The project is in its very early stages, and the photographs we can see now are only “design photos,” as opposed to working prototypes.
At this point in development, researchers are interested mainly in getting feedback on the design of the glasses. A group of Google X employees including Babak Parviz, Steve Lee and Sebastian Thrun posted, “We’re sharing this information now because we want to start a conversation and learn from your valuable input. So we took a few design photos to show what this technology could look like and created a video to demonstrate what it might enable you to do. …What would you like to see from Project Glass?”
Some features shown in the video include checking the weather, exchanging messages with contacts, finding directions and details on transportation availability, taking photos of something the wearer is looking at, and video chatting. All of these features are controlled by voice recognition; the wearer can give commands simply by speaking.
Of course, from the information presented in the video, there are some observable things that could become problematic for users. Examples might include background noise being picked up by the microphone, errors in speech recognition, the possibility of diminished privacy because the glasses see everything the user sees, and the fact that the video chat feature is not actually face-to-face.
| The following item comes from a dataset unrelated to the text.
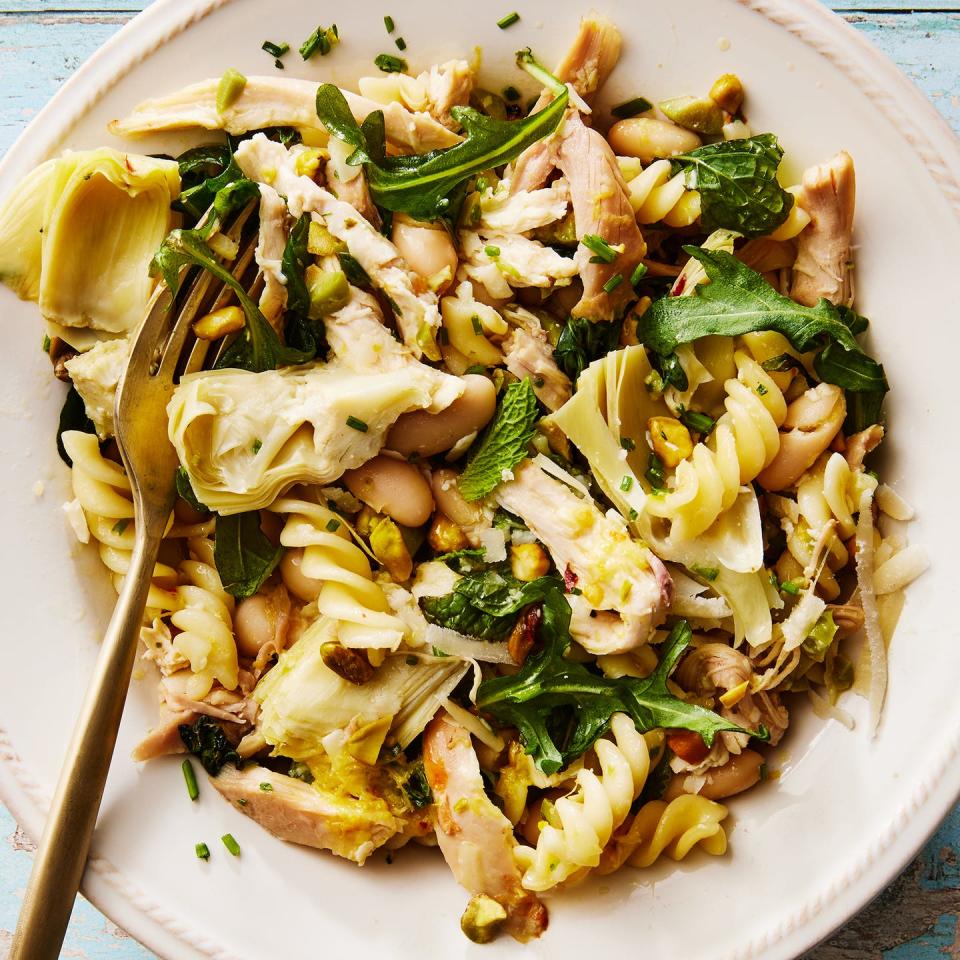 chicken, artichokes, spinach, and noodles tossed with pasta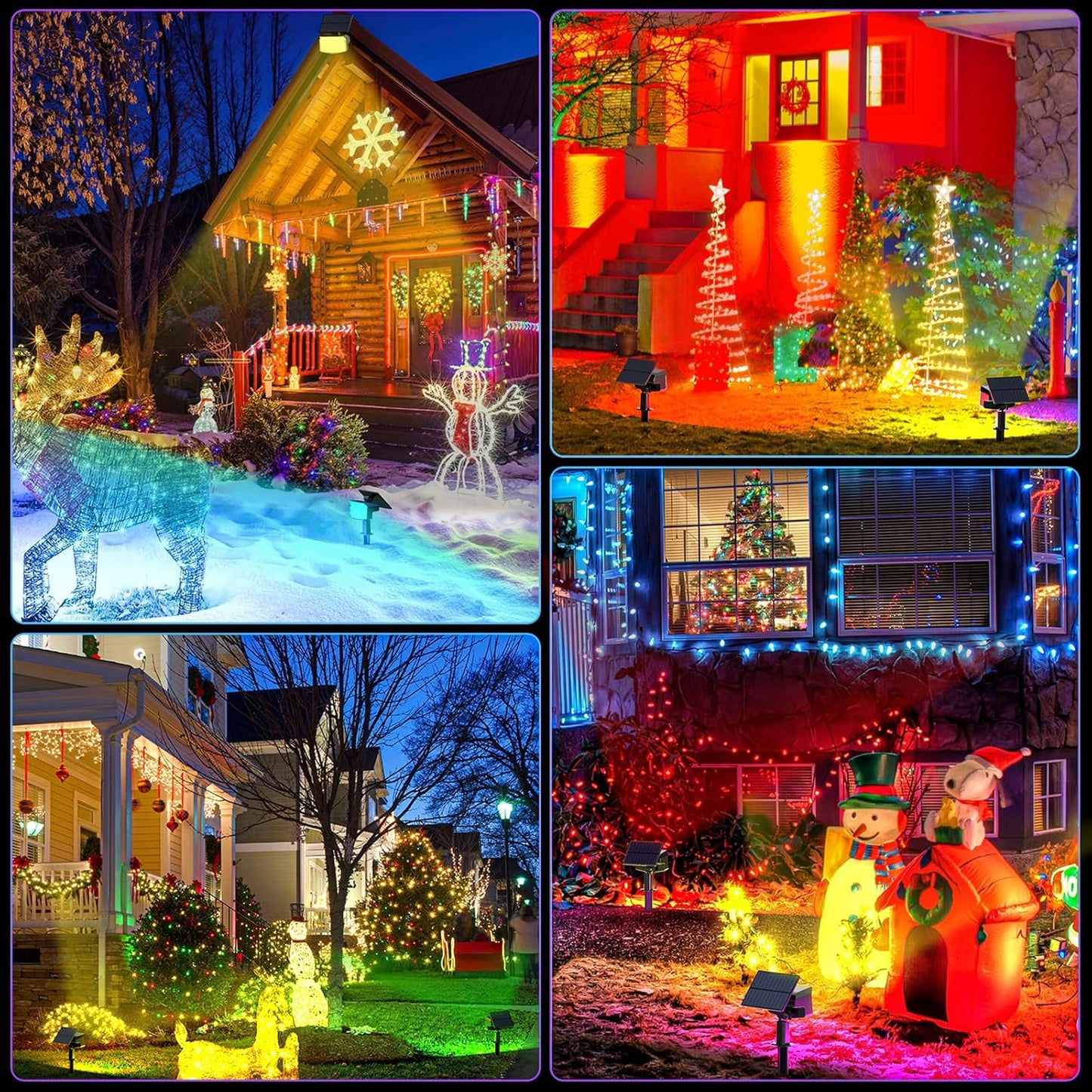 WELALO Solar Color Changing Spot Lights Outdoor, Waterproof Solar Christmas Lights with 9 Modes, Multicolor RGB Landscape Spotlights for Yard Driveway Patio Halloween Christmas Decorations, 2 Pack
One issue that will need to be solved is whether people who already wear prescription glasses can wear Google’s augmented reality glasses as well – this one is being addressed now, and you can read more here.
But with that said, it remains an interesting concept – after all, to have brought the project this far, Google’s engineers must have put some extensive thought into the design. Despite an earlier report, there are no plans for a release in 2012; it will be necessary to get more feedback and revise the design while the project is in its early stages of development. As of now, the release date (if Google continues to move forward) is yet to be known. I don’t think I’d ever wear them on a regular basis, personally, but I’m curious to know whether a working prototype will be developed and released in the next year or two. Those interested will just have to follow it and see how things develop.